EXERCISE AIM ▸ What is wanted is the full listing, word for word, without its pictures.

DATA EXTRACT ▸
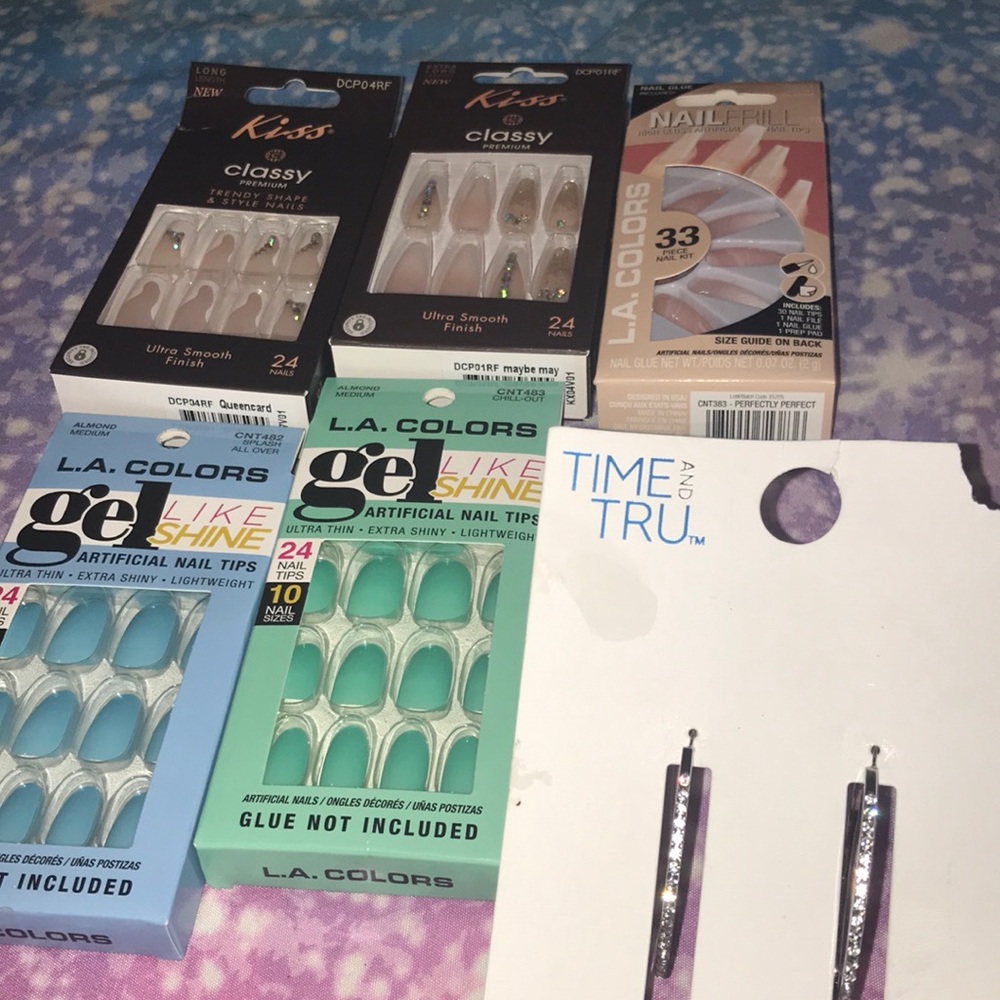 Nail Bundle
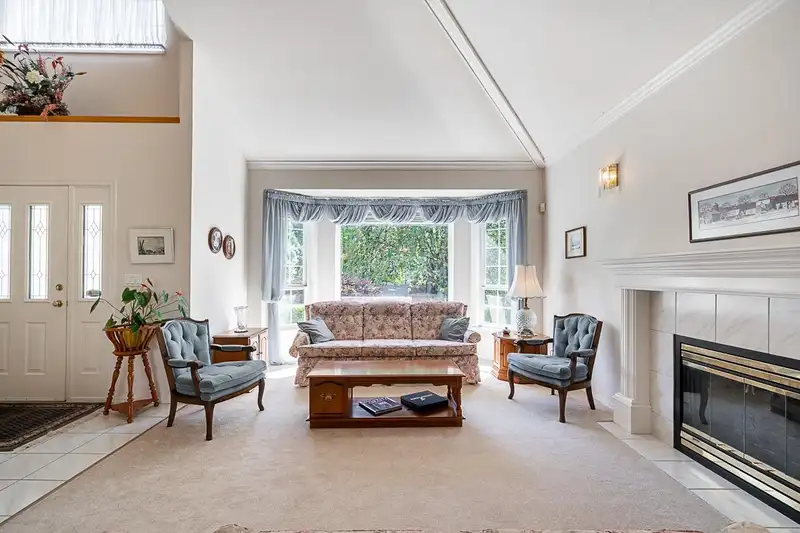 11443 ROYAL CRESCENT - photo 4 of 40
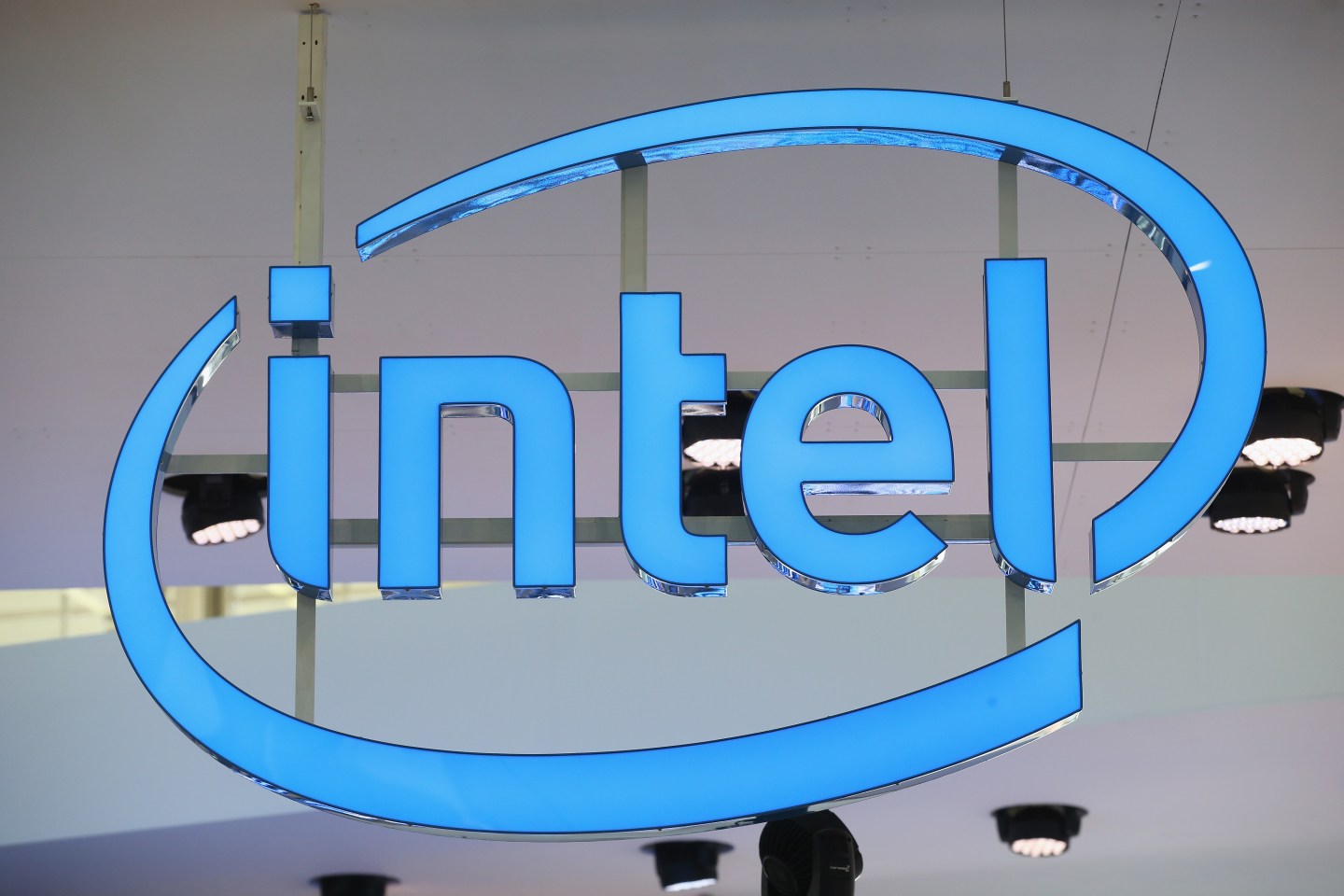 No, Intel Isn’t Abandoning the Mobile Market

SOLVED PROBLEM ▸
 Nail Bundle
 11443 ROYAL CRESCENT - photo 4 of 40
 No, Intel Isn’t Abandoning the Mobile Market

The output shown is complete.